- _Information_
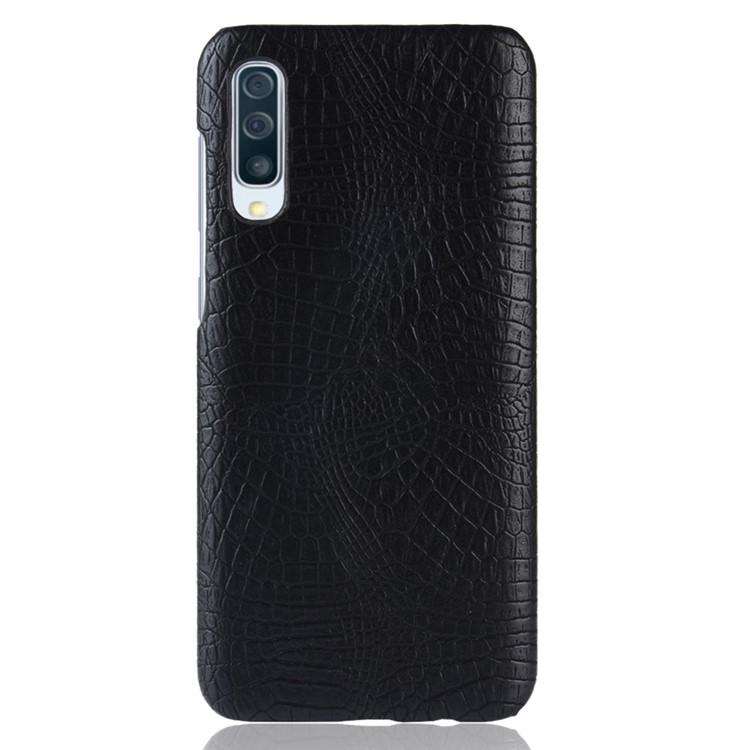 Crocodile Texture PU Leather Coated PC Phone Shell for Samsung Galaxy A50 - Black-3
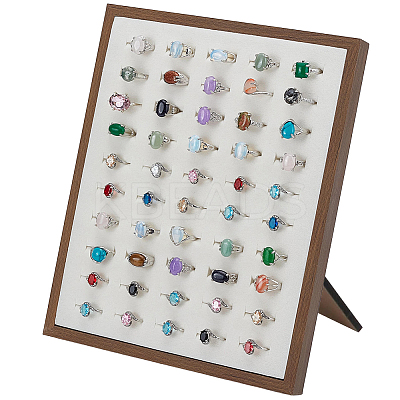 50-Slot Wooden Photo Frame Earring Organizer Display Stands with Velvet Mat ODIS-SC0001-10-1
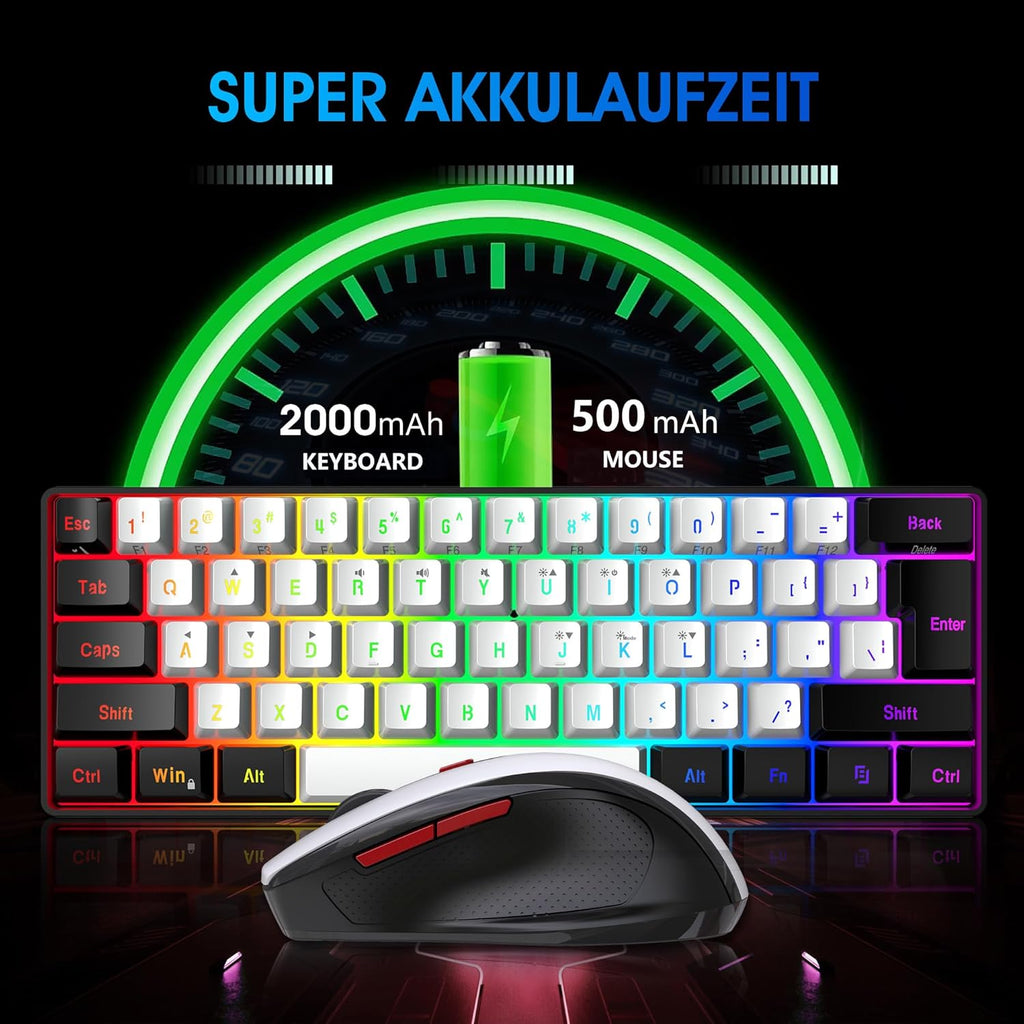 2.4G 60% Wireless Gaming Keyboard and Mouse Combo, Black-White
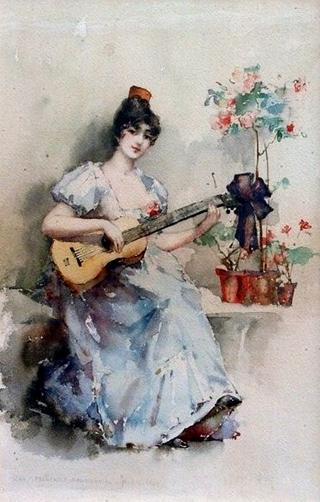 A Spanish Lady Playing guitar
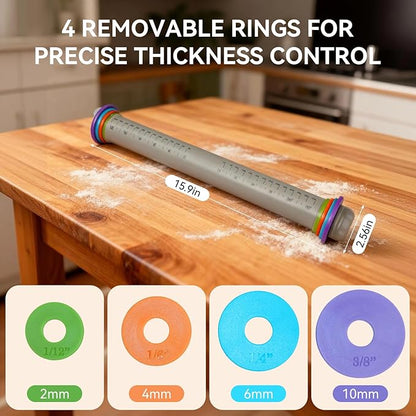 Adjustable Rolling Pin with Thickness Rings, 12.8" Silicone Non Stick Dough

- _Description of the task_
In the copy, include no pictures; restate the listing above exactly.

- _Written response_
 Crocodile Texture PU Leather Coated PC Phone Shell for Samsung Galaxy A50 - Black-3
 50-Slot Wooden Photo Frame Earring Organizer Display Stands with Velvet Mat ODIS-SC0001-10-1
 2.4G 60% Wireless Gaming Keyboard and Mouse Combo, Black-White
 A Spanish Lady Playing guitar
 Adjustable Rolling Pin with Thickness Rings, 12.8" Silicone Non Stick Dough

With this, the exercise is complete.